Managed Iceberg Tables

Skill: databricks-iceberg

What You Can Build

Managed Iceberg tables give you native Apache Iceberg storage inside Unity Catalog. You get full DML support in Databricks and read/write access from external engines via the Iceberg REST Catalog — no format conversion, no metadata sync delays. When you need a single table that Spark, PyIceberg, Snowflake, and Flink can all hit directly, this is the path.

In Action

“Using SQL, create a managed Iceberg v2 table for an orders dataset with Liquid Clustering on order_date. Use PARTITIONED BY for cross-platform compatibility.”

CREATE TABLE analytics.sales.orders (
  order_id BIGINT,
  customer_id BIGINT,
  amount DECIMAL(10,2),
  region STRING,
  order_date DATE
)
USING ICEBERG
PARTITIONED BY (order_date);

Key decisions:

USING ICEBERG makes this a native Iceberg table, not Delta with UniForm
PARTITIONED BY auto-handles deletion vector and row-tracking properties — no manual TBLPROPERTIES needed on v2 or v3
Both PARTITIONED BY and CLUSTER BY produce the same Iceberg metadata for external engines — UC maps both to Liquid Clustering keys exposed as Iceberg partition fields
PARTITIONED BY is standard Iceberg DDL that any engine can create; CLUSTER BY is Databricks-only

More Patterns

Create from existing data with CTAS

“Using SQL, create a managed Iceberg table from raw events, clustered on event_date, targeting Iceberg v3.”

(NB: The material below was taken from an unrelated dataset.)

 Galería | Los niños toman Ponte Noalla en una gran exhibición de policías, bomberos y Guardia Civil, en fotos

CREATE TABLE analytics.bronze.events_archive
USING ICEBERG
TBLPROPERTIES ('format-version' = '3')
CLUSTER BY (event_date)
AS SELECT * FROM analytics.staging.raw_events
WHERE event_date < '2025-01-01';

On v3, CLUSTER BY works without extra TBLPROPERTIES because deletion vectors and row tracking are handled natively. On v2, you’d need to explicitly set 'delta.enableDeletionVectors' = false and 'delta.enableRowTracking' = false.

Upsert with MERGE

“Using SQL, write a MERGE statement that upserts staged order data into a managed Iceberg table.”

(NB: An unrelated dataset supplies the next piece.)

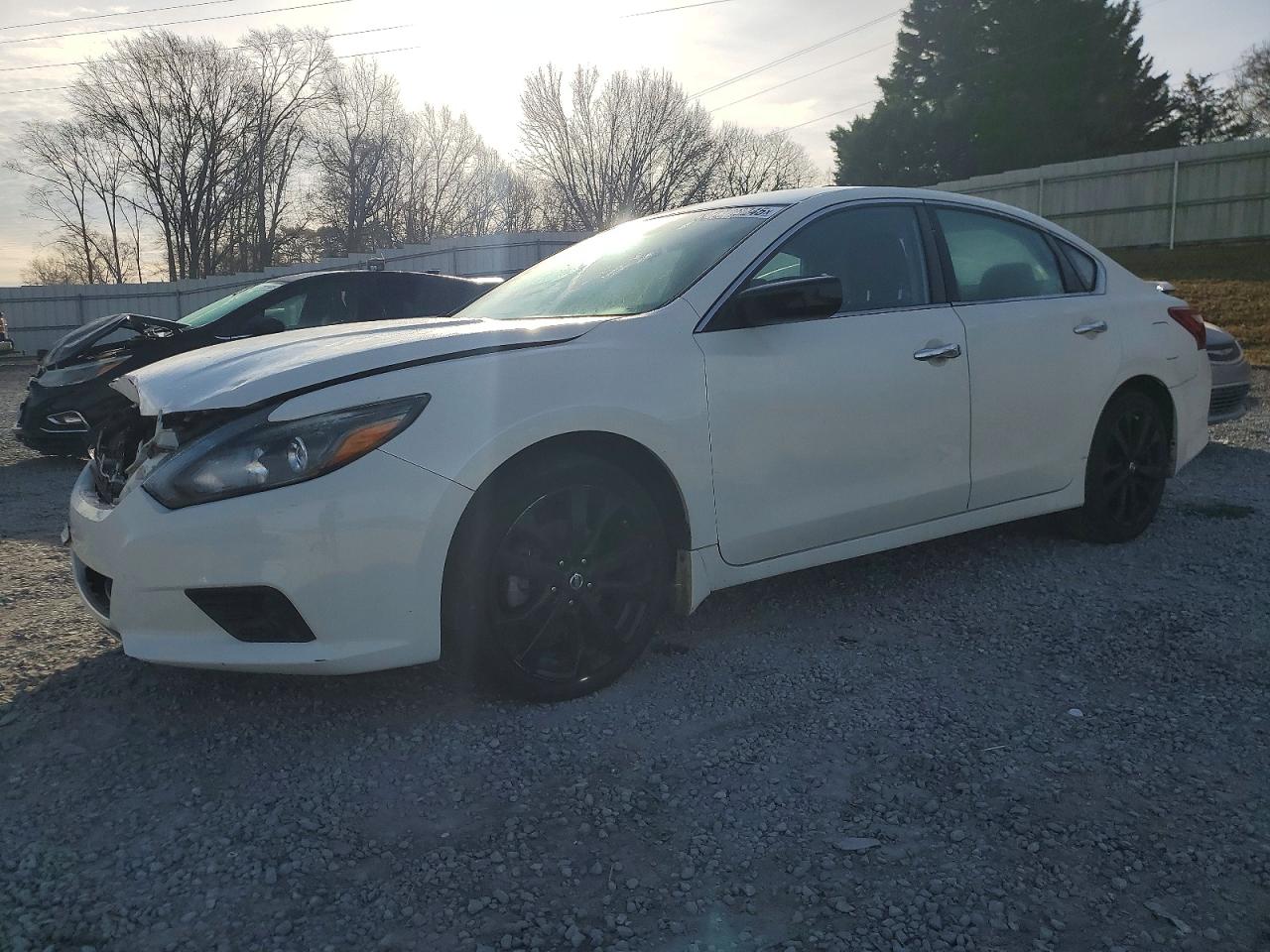 Salvage Nissan Altima Image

MERGE INTO analytics.sales.orders AS target
USING analytics.staging.new_orders AS source
ON target.order_id = source.order_id
WHEN MATCHED THEN UPDATE SET *
WHEN NOT MATCHED THEN INSERT *;

Managed Iceberg tables support full MERGE, INSERT, UPDATE, and DELETE. The one DML gap: Change Data Feed (CDF) is Delta-only. If you need CDF, use Delta with UniForm instead.

Time travel queries

“Using SQL, query an Iceberg table as it existed at a specific point in time.”

-- By timestamp
SELECT * FROM analytics.sales.orders
TIMESTAMP AS OF '2025-06-01T00:00:00Z';

-- By snapshot ID
SELECT * FROM analytics.sales.orders
VERSION AS OF 1234567890;

Time travel works against Iceberg snapshots. External engines can also inspect snapshot history via SELECT * FROM analytics.sales.orders.snapshots.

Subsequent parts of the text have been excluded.